仲良し夫婦が「相手にイラついた時」にすること 夫婦の衝突を救う「優しさのあめ玉」という存在
「やさしさのあめ玉」をポケットに
コロナ禍でリモートワークが定番化し、プライベートでも不要不急の外出自粛を余儀なくされたため、夫婦2人きりで家で過ごす時間が増えた。そうすると、これまでは気にも留めていなかった、小さな小さな相手のアラがいちいち目につくようになったりする。些細なことのはずなのに、積み重なるとだんだんとイライラしてきて、果ては大喧嘩に発展することだってあるだろう。
毎日繰り返す生活の中で、喧嘩の火種になりそうなちょっとした出来事があるたび、わたしは本能のままに薪をくべて火力を上げるのではなく、数年前にとある人に言われたおまじないをして、その火種に水をかけてやり過ごすことにしている。

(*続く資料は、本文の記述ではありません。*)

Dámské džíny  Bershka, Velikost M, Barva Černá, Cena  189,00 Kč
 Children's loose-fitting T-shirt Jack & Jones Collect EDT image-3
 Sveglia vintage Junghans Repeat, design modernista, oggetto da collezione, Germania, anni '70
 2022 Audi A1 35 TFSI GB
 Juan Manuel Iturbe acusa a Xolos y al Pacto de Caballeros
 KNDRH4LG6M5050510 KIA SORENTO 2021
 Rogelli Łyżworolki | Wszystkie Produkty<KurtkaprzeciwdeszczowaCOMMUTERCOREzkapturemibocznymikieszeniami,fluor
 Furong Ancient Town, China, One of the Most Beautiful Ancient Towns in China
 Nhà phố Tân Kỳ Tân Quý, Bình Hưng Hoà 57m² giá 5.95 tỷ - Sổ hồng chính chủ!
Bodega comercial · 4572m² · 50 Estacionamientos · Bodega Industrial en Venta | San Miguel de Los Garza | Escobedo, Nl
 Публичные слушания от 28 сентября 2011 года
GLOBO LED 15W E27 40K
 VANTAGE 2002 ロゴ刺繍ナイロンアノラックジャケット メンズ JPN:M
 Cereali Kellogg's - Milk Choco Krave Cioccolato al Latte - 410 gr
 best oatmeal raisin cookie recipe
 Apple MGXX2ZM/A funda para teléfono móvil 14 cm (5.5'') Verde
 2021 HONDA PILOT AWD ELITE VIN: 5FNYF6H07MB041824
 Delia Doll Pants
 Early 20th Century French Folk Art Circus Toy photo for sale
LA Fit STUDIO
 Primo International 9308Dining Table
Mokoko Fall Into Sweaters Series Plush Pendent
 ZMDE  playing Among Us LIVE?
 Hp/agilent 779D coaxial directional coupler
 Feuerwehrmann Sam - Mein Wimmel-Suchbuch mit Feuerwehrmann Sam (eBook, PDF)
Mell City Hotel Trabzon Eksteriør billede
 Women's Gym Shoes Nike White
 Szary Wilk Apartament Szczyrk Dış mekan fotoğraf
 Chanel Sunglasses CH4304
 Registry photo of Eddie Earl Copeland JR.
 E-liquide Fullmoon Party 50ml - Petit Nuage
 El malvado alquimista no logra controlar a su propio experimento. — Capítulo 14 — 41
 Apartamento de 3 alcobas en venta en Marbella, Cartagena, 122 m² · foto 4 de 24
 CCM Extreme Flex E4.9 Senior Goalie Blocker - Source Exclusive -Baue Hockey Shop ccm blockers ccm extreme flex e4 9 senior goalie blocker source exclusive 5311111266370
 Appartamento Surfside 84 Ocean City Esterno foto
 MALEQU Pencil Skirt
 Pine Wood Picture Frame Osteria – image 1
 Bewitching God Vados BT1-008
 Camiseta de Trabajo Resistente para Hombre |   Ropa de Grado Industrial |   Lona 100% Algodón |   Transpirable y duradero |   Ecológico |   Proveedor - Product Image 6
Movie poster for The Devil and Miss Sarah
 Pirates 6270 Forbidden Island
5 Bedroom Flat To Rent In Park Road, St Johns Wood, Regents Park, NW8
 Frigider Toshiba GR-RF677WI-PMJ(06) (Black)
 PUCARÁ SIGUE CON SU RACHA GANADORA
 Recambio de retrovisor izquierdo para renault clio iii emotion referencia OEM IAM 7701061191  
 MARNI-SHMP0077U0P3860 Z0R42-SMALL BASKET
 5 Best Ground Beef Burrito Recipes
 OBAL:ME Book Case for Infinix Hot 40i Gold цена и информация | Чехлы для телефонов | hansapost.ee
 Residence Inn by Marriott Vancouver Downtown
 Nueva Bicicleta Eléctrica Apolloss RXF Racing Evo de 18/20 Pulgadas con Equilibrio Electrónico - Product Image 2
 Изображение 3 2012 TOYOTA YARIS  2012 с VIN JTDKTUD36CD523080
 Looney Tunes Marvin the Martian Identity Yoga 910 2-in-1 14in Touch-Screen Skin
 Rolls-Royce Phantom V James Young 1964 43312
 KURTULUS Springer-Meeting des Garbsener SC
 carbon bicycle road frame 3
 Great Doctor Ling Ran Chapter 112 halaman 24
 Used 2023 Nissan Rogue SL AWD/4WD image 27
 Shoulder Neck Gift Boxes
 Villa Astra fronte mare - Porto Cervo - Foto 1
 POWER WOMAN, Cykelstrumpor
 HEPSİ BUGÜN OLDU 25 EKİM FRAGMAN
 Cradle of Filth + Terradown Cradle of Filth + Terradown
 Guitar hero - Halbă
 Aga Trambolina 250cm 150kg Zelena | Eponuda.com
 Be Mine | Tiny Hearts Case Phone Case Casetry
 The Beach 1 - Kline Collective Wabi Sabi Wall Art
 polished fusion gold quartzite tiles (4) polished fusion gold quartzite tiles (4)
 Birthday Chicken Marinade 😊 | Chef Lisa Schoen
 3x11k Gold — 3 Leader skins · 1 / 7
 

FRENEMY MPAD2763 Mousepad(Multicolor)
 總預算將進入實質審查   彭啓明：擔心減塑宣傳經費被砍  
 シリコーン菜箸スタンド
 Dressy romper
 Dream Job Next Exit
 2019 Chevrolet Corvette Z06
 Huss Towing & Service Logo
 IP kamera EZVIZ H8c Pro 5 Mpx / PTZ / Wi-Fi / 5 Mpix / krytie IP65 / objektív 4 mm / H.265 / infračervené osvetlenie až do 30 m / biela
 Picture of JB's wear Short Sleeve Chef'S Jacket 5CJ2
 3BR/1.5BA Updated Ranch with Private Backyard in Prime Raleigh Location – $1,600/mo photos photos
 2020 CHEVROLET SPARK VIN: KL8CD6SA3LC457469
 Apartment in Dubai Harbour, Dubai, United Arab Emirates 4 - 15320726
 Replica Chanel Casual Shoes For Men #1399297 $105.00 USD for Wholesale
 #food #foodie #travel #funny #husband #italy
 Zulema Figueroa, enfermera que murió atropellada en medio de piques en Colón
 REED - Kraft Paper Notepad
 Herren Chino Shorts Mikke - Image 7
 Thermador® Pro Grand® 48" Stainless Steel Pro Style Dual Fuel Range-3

夫と結婚したばかりの頃、近所のなじみの店でとあるご夫婦と知り合った。ある日、その奥さんと、いつもの店に2人きりで飲みに行ったときのこと。酒を飲み始めて3時間弱。気分がよくなってきたところで、ふと「あんな、いつもポケットにやさしさのあめ玉を忍ばせといたらええで」と言われた。
「やさしさのあめ玉って言ってもな、実際のアメちゃんちゃうで。目には見えへん、架空のやつな。まだ結婚したてやと、好き好きぃ! って気持ちしかなくてピンとこぉへんかもしれんけど、結婚生活が長くなるにつれて必要になってくんねん。一緒に生活してて、イラァッ……! ってしたときに、それを舐めるとええよ」
目の前のテーブルには、空になったワインボトルが2本ある。彼女はまるで無脊椎動物のようにくにゃくにゃしていて、わたしも船をこぐのを抑えられずにいた。そんな状態でも、彼女が親切心から言ってくれているのは理解できた。が、〝やさしさのあめ玉〟というやつがよくわからない。